Mit Blick auf den Weg der Landeskirchen in Nordelbien von 1933 bis 1945 müsse auf jeden Fall von einer „schuldbeladenen Vergangenheit“ gesprochen werden, sagte der Landesbischof, „in die wir verstrickt sind auch als nachfolgende Generationen“. So sei das „Stuttgarter Schuldbekenntnis“ des Rates der EKD vom Oktober 1945 hier „weitgehend ignoriert oder gar abgelehnt“ worden: „Vorherrschend war vielmehr eine hartnäckige Unbußfertigkeit, jedenfalls bei einigen leitenden Theologen und Juristen.“ Wilhelm Halfmann etwa habe das Schuldbekenntnis kurz nach seiner Veröffentlichung aufs Schärfste öffentlich zurückgewiesen: „Kritiker haben damals angemahnt, man dürfe bei aller Bußfertigkeit die Gräueltaten insbesondere der Roten Armee und die Leiden der Vertriebenen nicht verschweigen.“

Für Gerhard Ulrich sei es der frühere, vor wenigen Tagen verstorbene Bundespräsident Richard von Weizsäcker gewesen, „der es vor allem mit seiner Rede am 8. Mai 1985 erreicht hat, Verständigung und Versöhnung voranzubringen und Klarheit zu schaffen.“

Persönliche Schilderung über eigene Familie

Im Prozess der Aufarbeitung sei es auch notwendig, sich zu streiten, so Ulrich. Zugleich sei Erinnerung eine biografische, also persönliche Aufgabe: „Wir gedenken unserer Väter – zuweilen auch Mütter – im wörtlichen und im übertragenen Sinne. Und da sind immer Nähe und Distanz, Dank und Abgrenzung höchst virulent.“

In sehr persönlichen Schilderungen erzählte der Landesbischof von Schuld, Versagen und Verdrängen in seiner eigenen Familie. So habe er in einer der von 1995 bis 2004 gezeigten Ausstellungen des Hamburger Instituts für Sozialforschung über die Verbrechen der Wehrmacht auf einem Foto seinen Großvater wiedererkannt.

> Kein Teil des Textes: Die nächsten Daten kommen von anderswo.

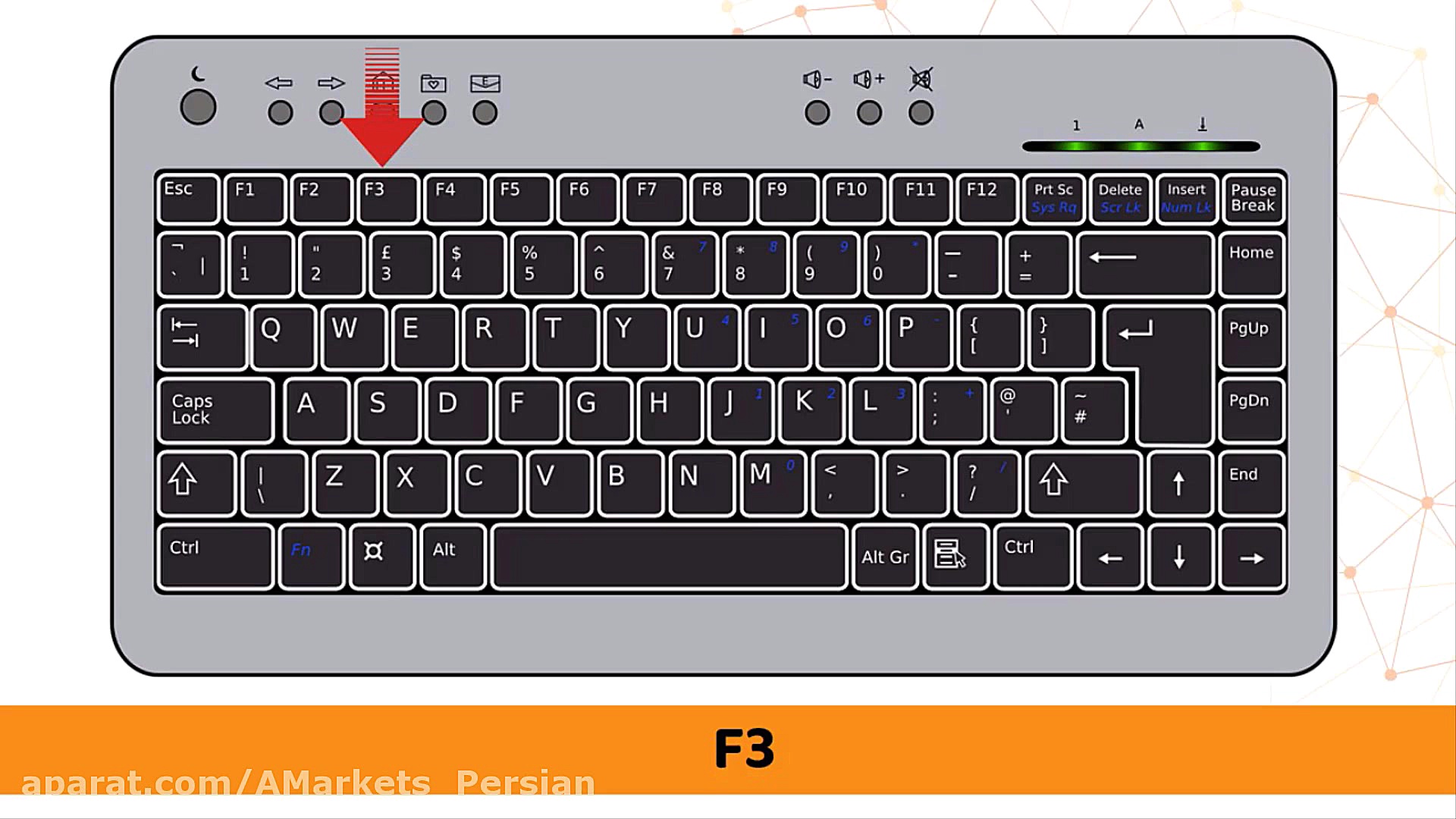 میانبر یا شورت کات های متاترید...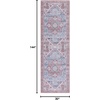image:imageSAFAVIEH Washable Rug Tucson Collection  8 x 10 Sage amp Ivory Slip Resistant amp Easy to Clean Ideal for Living Room Bedroom Dining Space TSN102WGrey BlueRust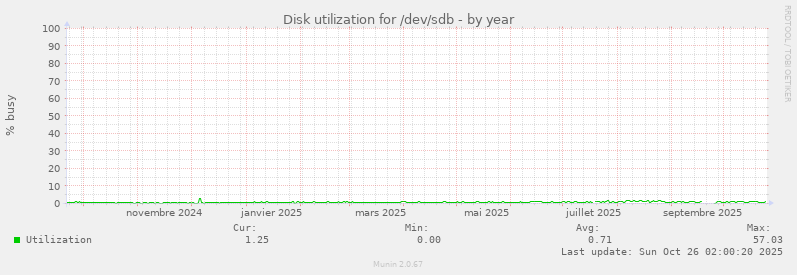 Disk utilization for /dev/sdb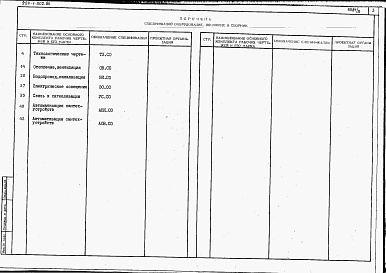Состав альбома. Типовой проект 224-1-502.86Альбом 3 Спецификации оборудования.     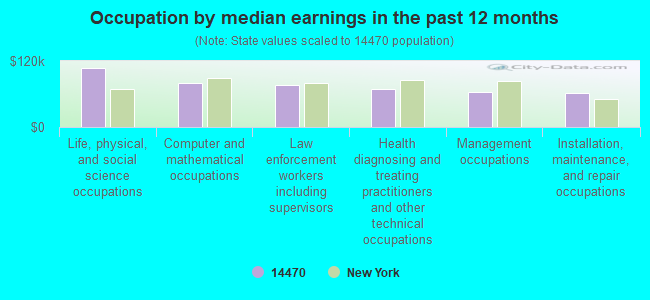 Occupation by median earnings in the past 12 months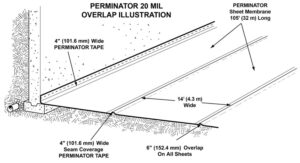 Perminator 20 Mil Underslab Vapor Barrier - ASTM E1745 Class A, B & C - W. R. Meadows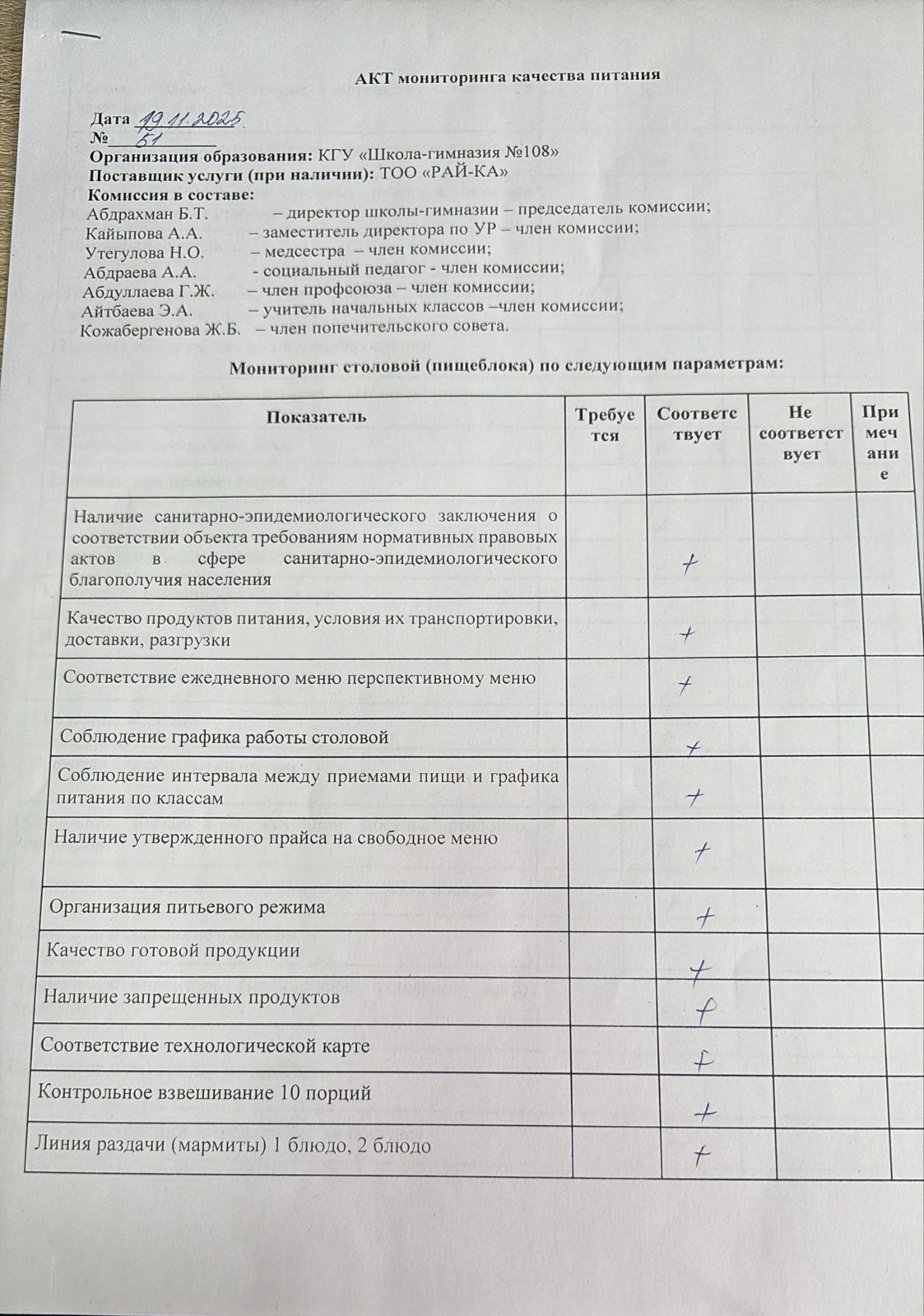 Бракераж комиссиясыныңмектеп асхана жұмысын бақылау АК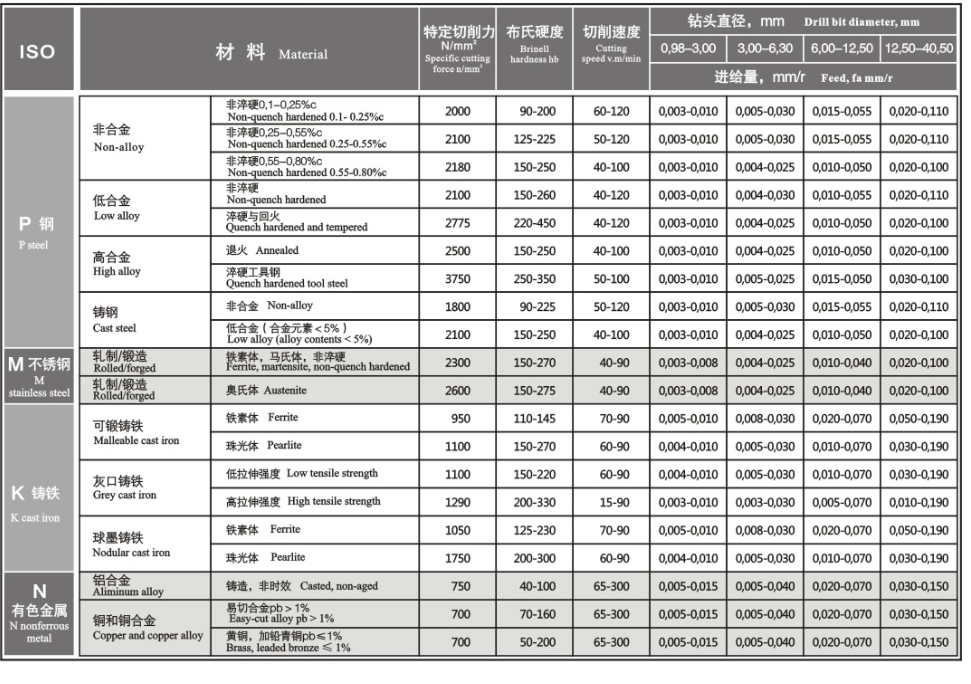 枪钻切削量的选择-深孔钻|枪钻|深孔钻机床-陕西金石机械制造有限公司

„Immer noch und immer wieder“ sei ein Ergebnis von Verdrängung „die Ausgrenzung und Verfolgung von Menschen, von Gruppen, von Kulturen“, sagte Landesbischof Ulrich. Er ermutigte seine Zuhörer dazu, „aktive Subjekte der Erinnerung“ zu sein und Lebensgeschichten weiterzuerzählen „gegen die Hoffnungslosigkeit der Todesgeschichten, die uns immer wieder einholen.“

Gerhard Ulrich ist Landesbischof der Evangelisch-Lutherischen Kirche in Norddeutschland (Nordkirche) und Leitender Bischof der Vereinigten Evangelisch-Lutherischen Kirche Deutschlands (VELKD).